Your copy of the lines below must match them exactly and contain no images.

━━━━━ RECORDED INFORMATION ━━━━━

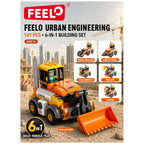 Feelo - 6-In-1 Urban Engineering Vehicle Big Building Block Set - Multicolor - 141 Pcs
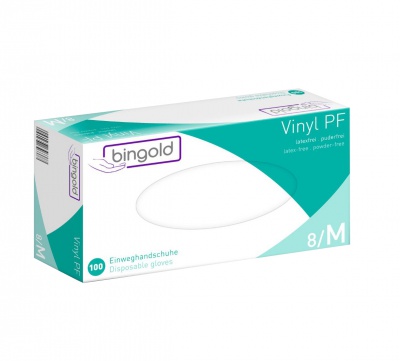 BINGOLD Vinyl 45Plus - Einweghandschuhe aus Polyvinylchlorid puderfrei, transparent, 100 Stück/Box
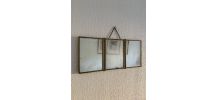 Miroir vintage 1900 triptyque barbier Art Nouveau doré - 21 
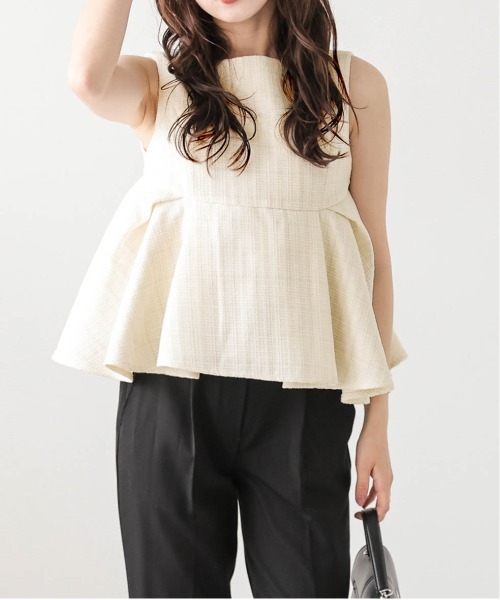 Lajour tシャツ 「日本製」ツイード ラメ ペプラム トップス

━━━━━

ANSWER FOR THE TASK:
 Feelo - 6-In-1 Urban Engineering Vehicle Big Building Block Set - Multicolor - 141 Pcs
 BINGOLD Vinyl 45Plus - Einweghandschuhe aus Polyvinylchlorid puderfrei, transparent, 100 Stück/Box
 Miroir vintage 1900 triptyque barbier Art Nouveau doré - 21 
 Lajour tシャツ 「日本製」ツイード ラメ ペプラム トップス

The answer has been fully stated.